Australia’s second biggest lender posted a 10 per cent jump in net profit to $6.99 billion for the 12 months to September 30.

This overtook the Commonwealth Bank’s (CBA) net profit by $600 million, thanks to $718 million in significant items.

Cash profit increased seven per cent to $6.301 billion, around $500 million lower than CBA’s, as bad debt charges fell by 32 per cent to $993 million from a year earlier.

Weaker treasury and markets income crimped cash earnings by five per cent as volatility financial markets in recent months took their toll.

The result was largely in line with market expectations although analysts pointed to a flat earnings as a source of disappointment.

Westpac’s shares were down 42 cents, or 1.91 per cent, at $21.52 on Wednesday, amid weakness across the broader market.

Shareholders will pocket a record full year dividend of 156 cents per share.

The outlook for Westpac’s employees may be less rosy after chief executive Gail Kelly committed to delivering phase two of the bank’s strategy that will dominate its operations for the next three years.

Three years after merging with St George Bank, Westpac will now seek more productivity gains, scale and flexibility from a new business model dubbed “best-sourcing” by the bank.

The bank will review its business functions to determine if external suppliers or partners could better manage them, Mrs Kelly told reporters.

“It’s a sourcing approach to say `where does work best get done?’,” Mrs Kelly told reporters.

“Sometimes it’s best done internally, sometimes it’s best done with a partner locally, sometimes it’s best done with a partner offshore.

“There’s no way we could do the very strong agenda of work we’ve got on our plate … unless we leveraged a model like this.”

Westpac left the new strategy unquantified, saying cost estimates would be known in six months, and the impact on jobs is unknown as jobs are added in some areas and cut in others.

Westpac cut 767 jobs in fiscal 2011 and now has over 37,000 employees.

“Overall we’d expect staff numbers to continue to trend downwards,” Mrs Kelly said, adding that Westpac did not expect a backlash from the strategy.

Finance Sector Union acting national secretary Chris Gambian said the union has not been consulted over the changes and called on Westpac to specify which operational areas would be subjected to outsourcing and which jobs would be targeted.

Westpac’s retail and business banking cash earnings were $1.95 billion in the year to September, up 11 per cent from a year earlier.

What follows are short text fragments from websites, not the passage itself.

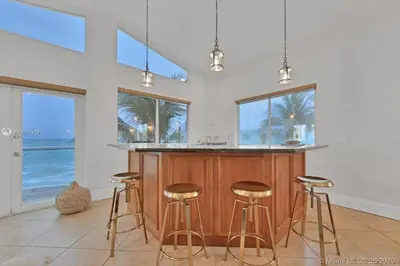 a kitchen with a island with bar stools at Oceanfront Villa On Semi-Private Holywood Beach in Hollywood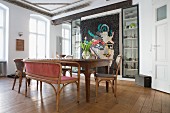 Antique chairs and wooden table in dining room with modern quilt on wall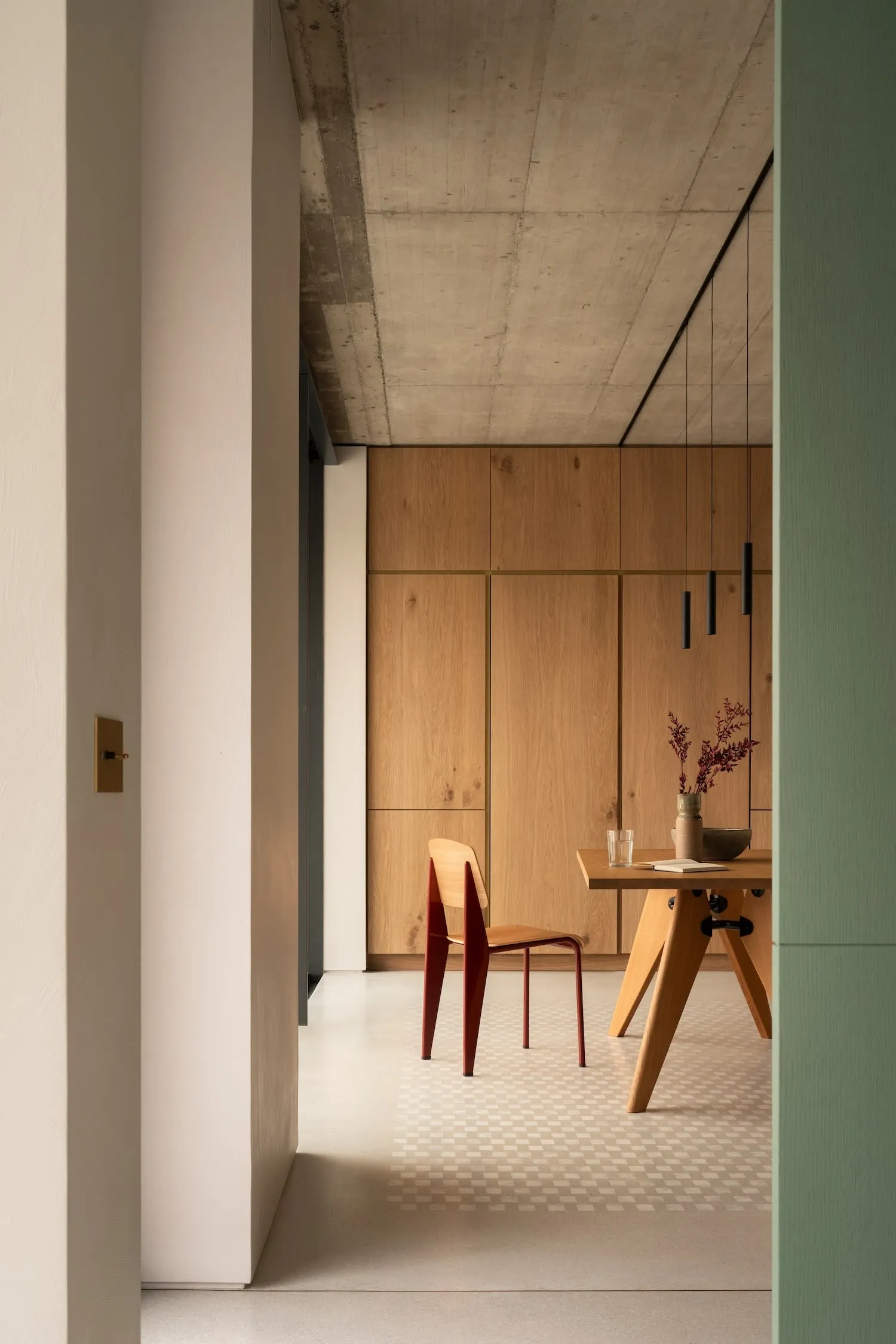 A minimalistic dining area with wooden elements and a concrete ceiling.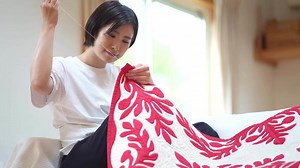 A woman making a Hawaiian quilt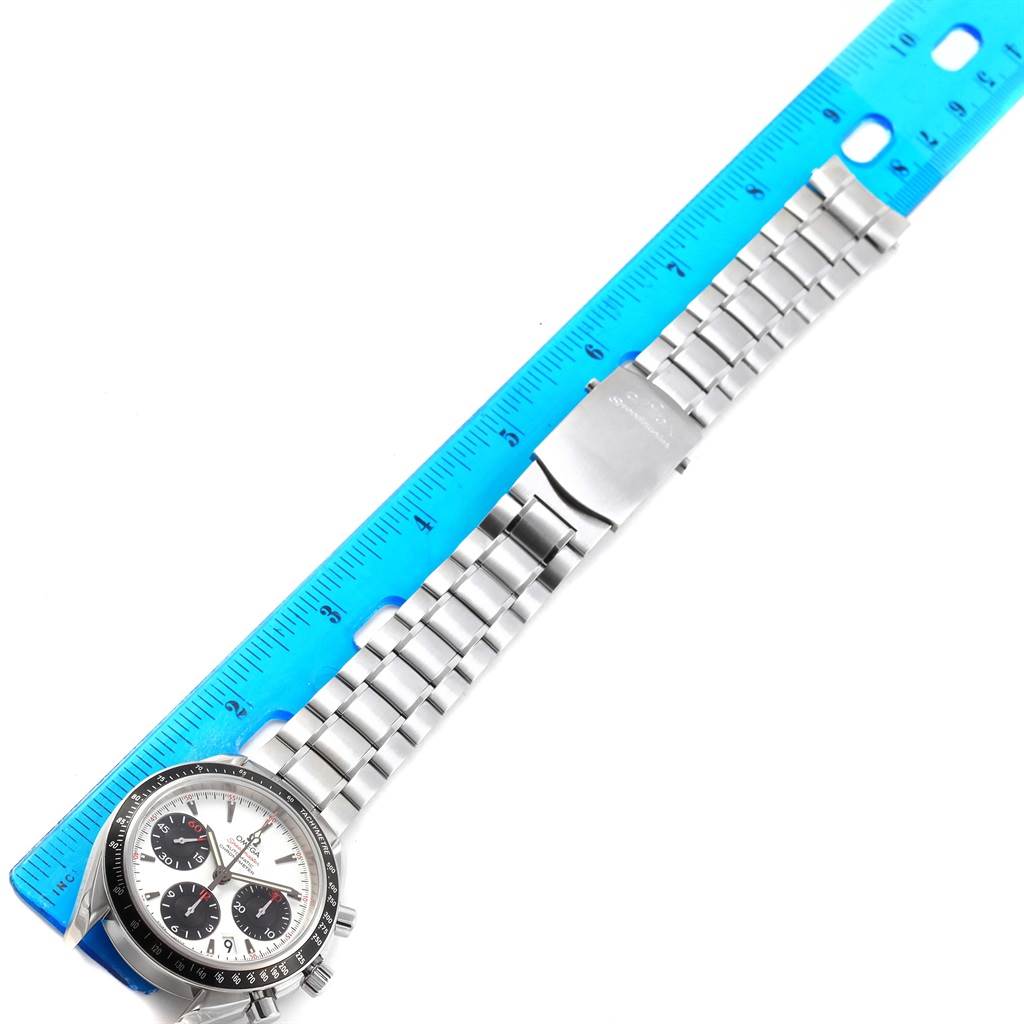 The image shows an Omega Speedmaster 323.30.40.40.04.001 Men
s Stainless Steel White Dial 323.30.40.40.04.001 Men
s Stainless Steel White Dial watch with its face, bracelet, and clasp, placed beside a blue ruler for scale.
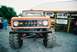 1972 Ford Bronco - A lifted 1972 Ford Bronco with oversized tires is parked in front of a building with various signs.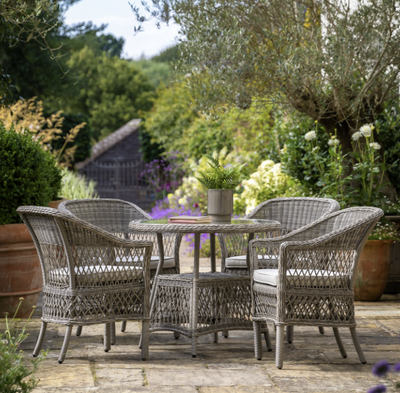 Aurina Pop UP Ltd Menton round garden dining table with chairs in outdoor setting, lifestyle view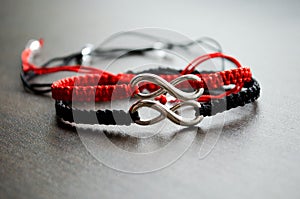 Pair bracelets in black and red with infinity. Handmade woven bracelets. Handmade decorations. Background with beads with hearts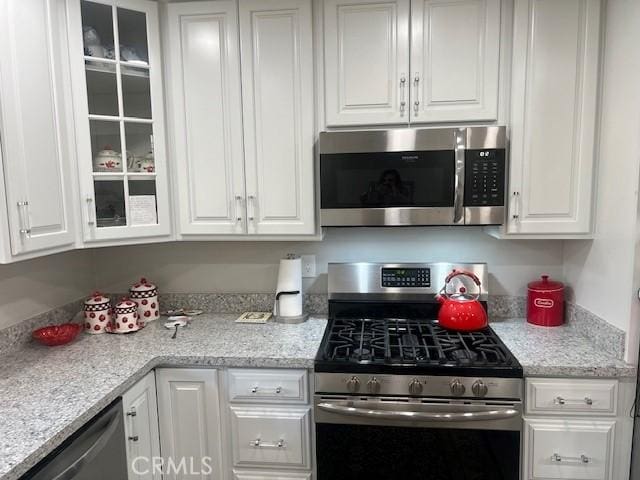 kitchen featuring appliances with stainless steel finishes, glass insert cabinets, and white cabinets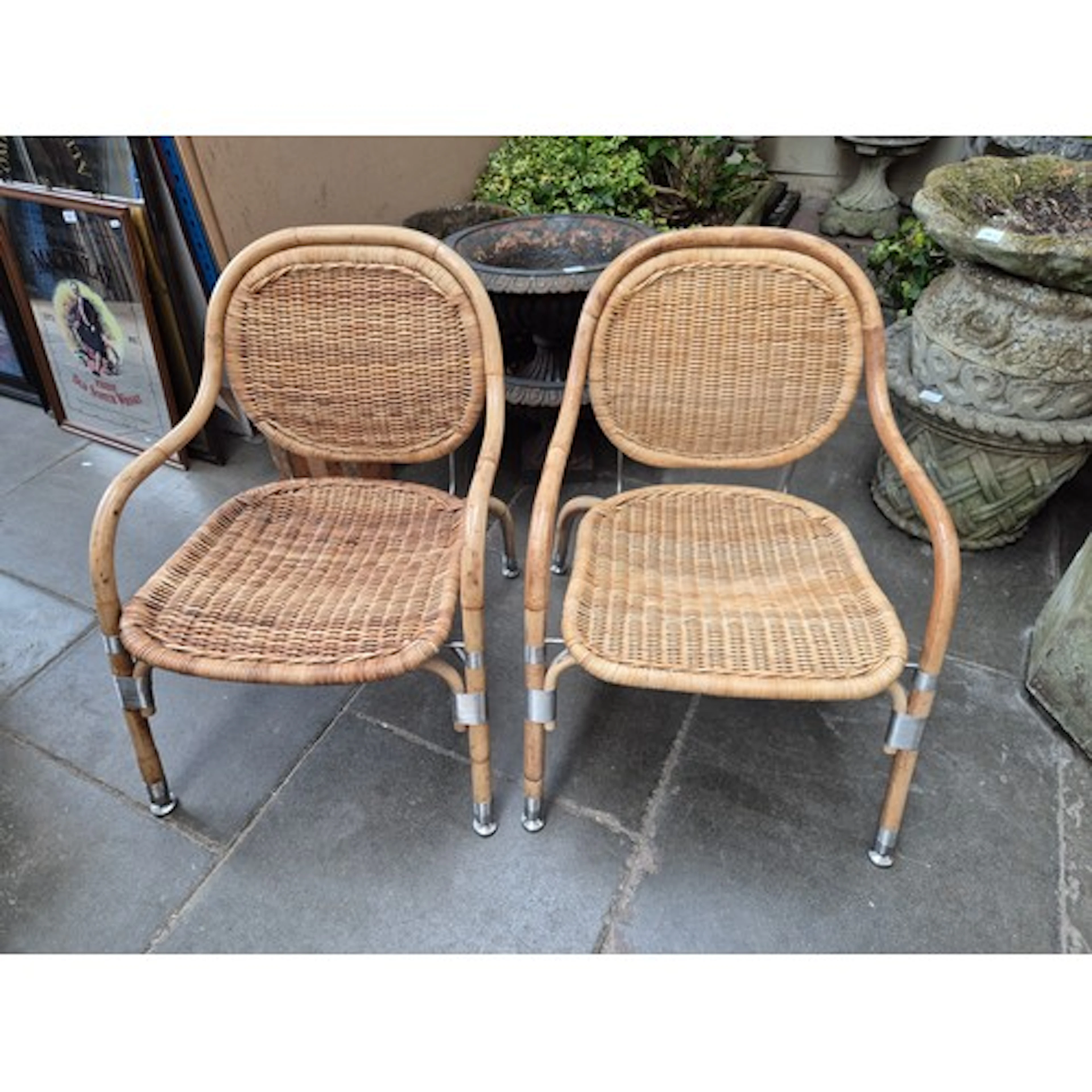 A pair of steel and cane wicker elbow chairs by Mats Theseli...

Total deposits rose by 10 per cent to $370.2 billion, while loans totalled $496.6 billion, up four per cent.

Mortgages made up the majority of loan growth, up six per cent, while business lending was down one per cent.

Mrs Kelly told analysts the bank expects overall credit growth to be five per cent next year, with mortgage lending growth at six per cent and business lending growth increasing to about four per cent.

Westpac’s credit growth forecasts are optimistic, Bell Potter analyst TS Lim said.

He forecast overall credit growth to be three per cent in 2012.

Westpac’s wholesale funding costs will continue rising in fiscal 2012 and the group will manage margins “very tightly” in 2012 as it looks to grow its retail deposit base further.

The group is still re-pricing parts of its loan book and Mrs Kelly declined to give guidance on the bank’s net interest margin.